Section 6.10.1 Changing the Working Directory in the GNU manual for tar describes the -C option like this,

To change the working directory in the middle of a list of file names, either on the command line or in a file specified using ‘--files-from’ (‘-T’), use ‘--directory’ (‘-C’). This will change the working directory to the specified directory after that point in the list.

‘--directory=directory’
‘-C directory’

Changes the working directory in the middle of a command line.

For example,

$ tar -c -f jams.tar grape prune -C food cherry

will place the files ‘grape’ and ‘prune’ from the current directory into the archive ‘jams.tar’, followed by the file ‘cherry’ from the directory ‘food’. This option is especially useful when you have several widely separated files that you want to store in the same archive.

Note that the file ‘cherry’ is recorded in the archive under the precise name ‘cherry’, not ‘food/cherry’. Thus, the archive will contain three files that all appear to have come from the same directory; if the archive is extracted with plain ‘tar --extract’, all three files will be written in the current directory.

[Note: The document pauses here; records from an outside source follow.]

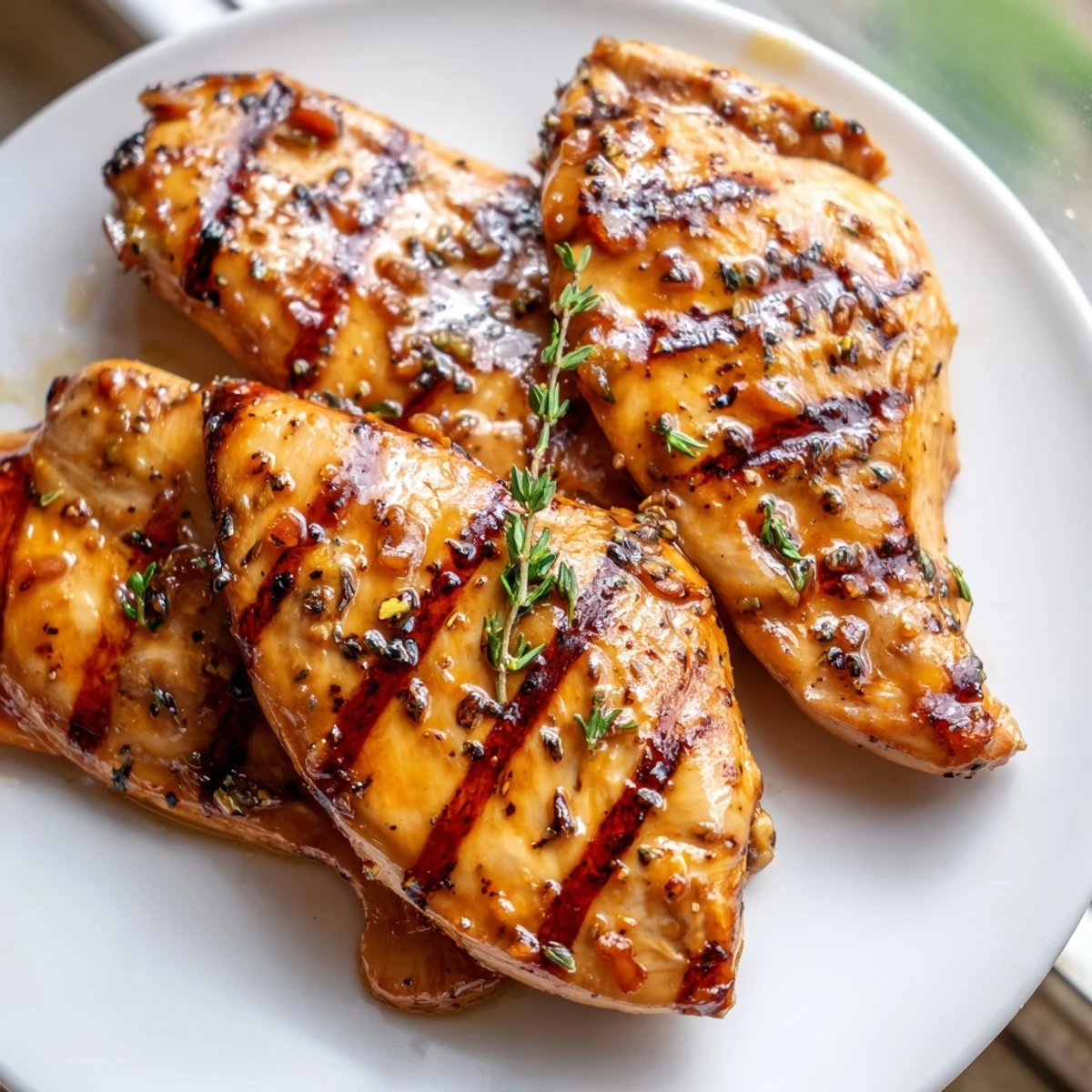 Charred Maple Dijon grilled chicken topped with fresh thyme and grill marks
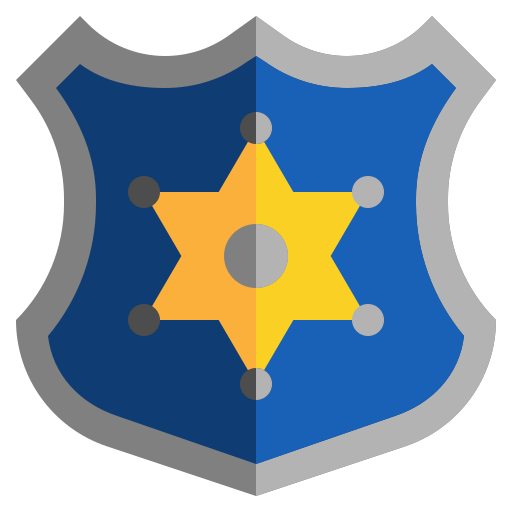 Значок полиции. Полицейский офицер знак. символ Cop - векторизованный клипарт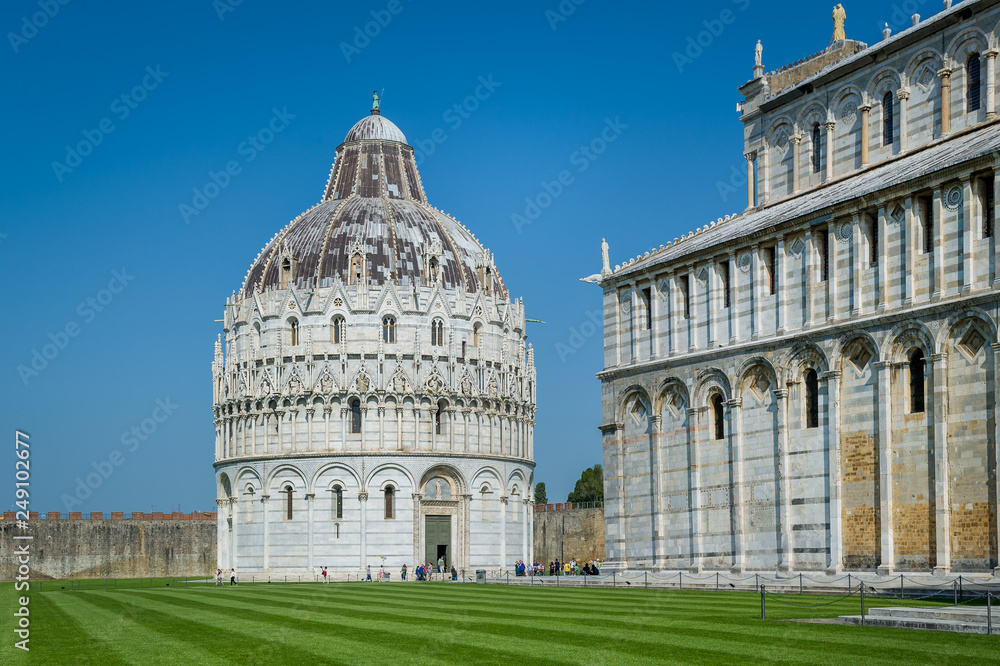 Pisa Baptistery and cathedral walls, Unesco heritage of Italy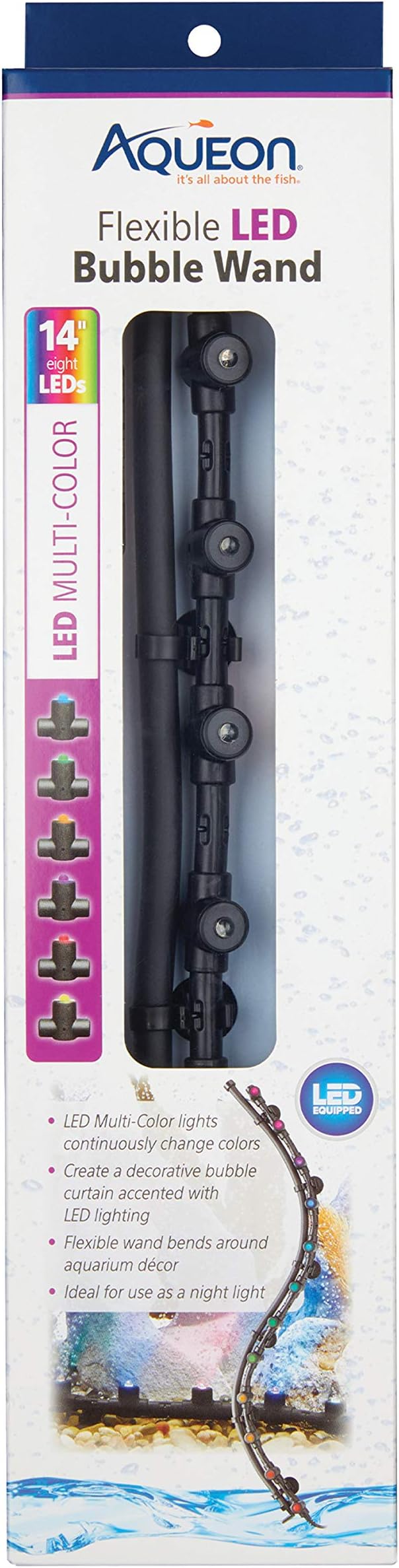 Aqueon Fish Tank Aquarium Flexible LED Accent Light and Bubble Wand, Multi Color, 14 Inch Aqueon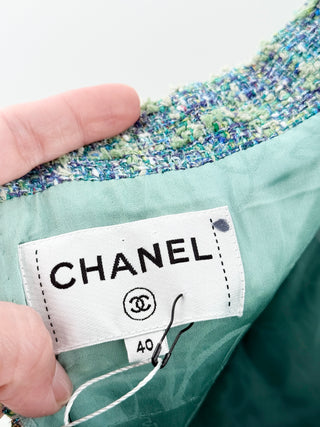 Chanel tweed halterneck mini dress with CC button, FR 40 / US 8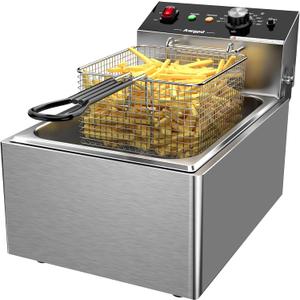 Electric Deep fryer Single Tank Deep Fryer with Basket Capacity 10L(10.5QT) Electric Countertop Fryer Stainless Steel Deep Fryers for Restaurant Home Use, 1700 Watts, 110V (10L)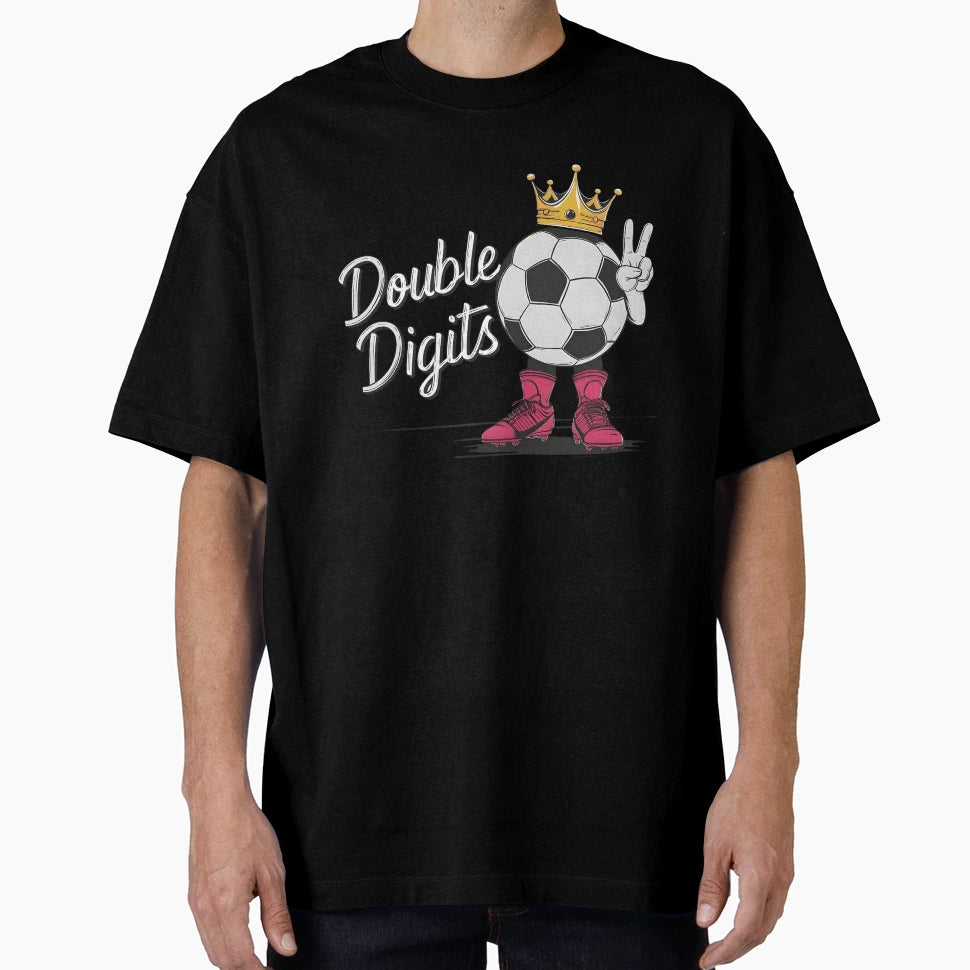 Double Digits Birthday Soccer 10 T-Shirt - Minimalist Print Men Women - T-Shirt, Sweatshirt, Hoodie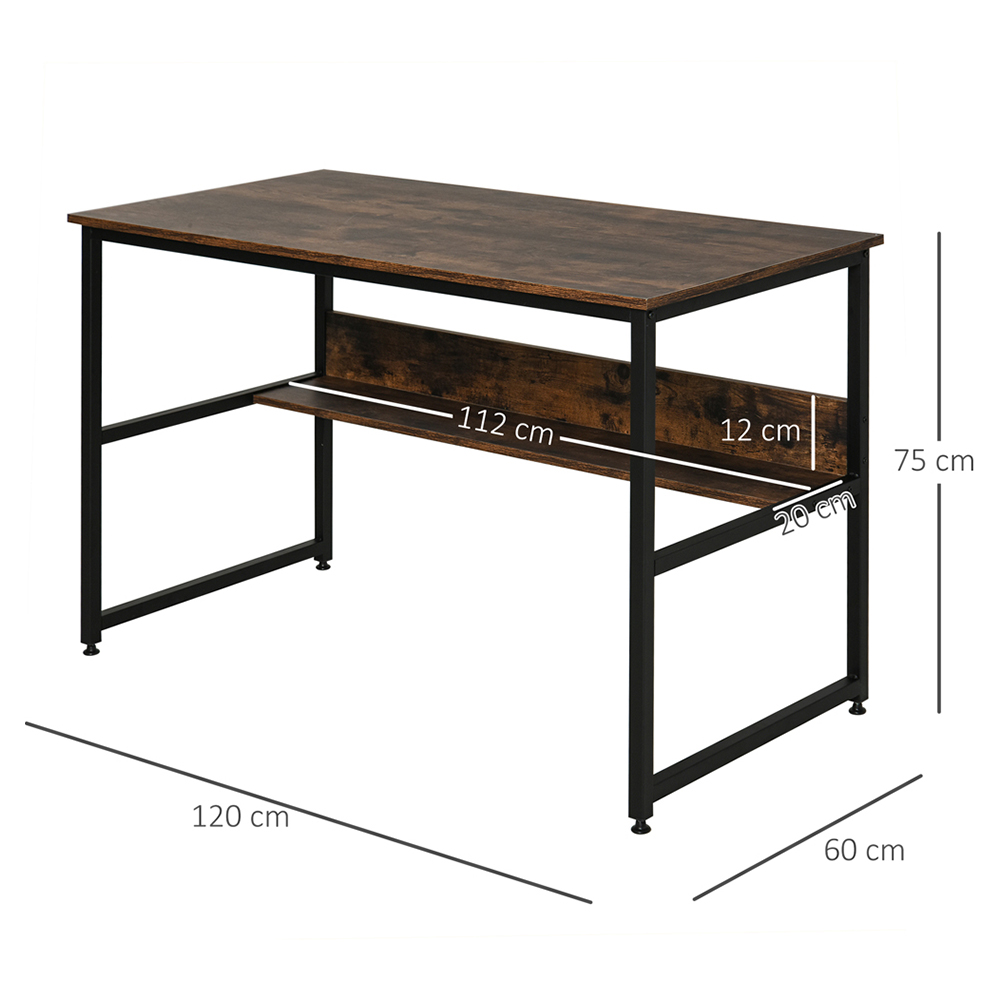 Portland Adjustable Study Metal Desk Brown and Black Image 7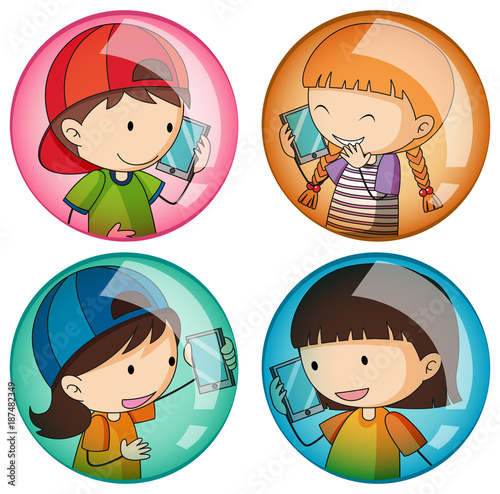 Sticker template with kids on the phone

There are a few more examples at the manual page...


Update:
I usually do not mix up files from different paths into a single tar-ball.
However, if that is what you desire, there are two things that can be done,

  1. Use the -T option with a list of directories/files you want to pack together.
    That will collect all things together with extra path-prefixes.
  2. Use the -h option on a 'link image' directory
    (you make one of those with a script to create links to files and directories of interest under a new and empty directory)
    The -h option used on such a directory will create a single tar-ball that represents the file layout under that directory.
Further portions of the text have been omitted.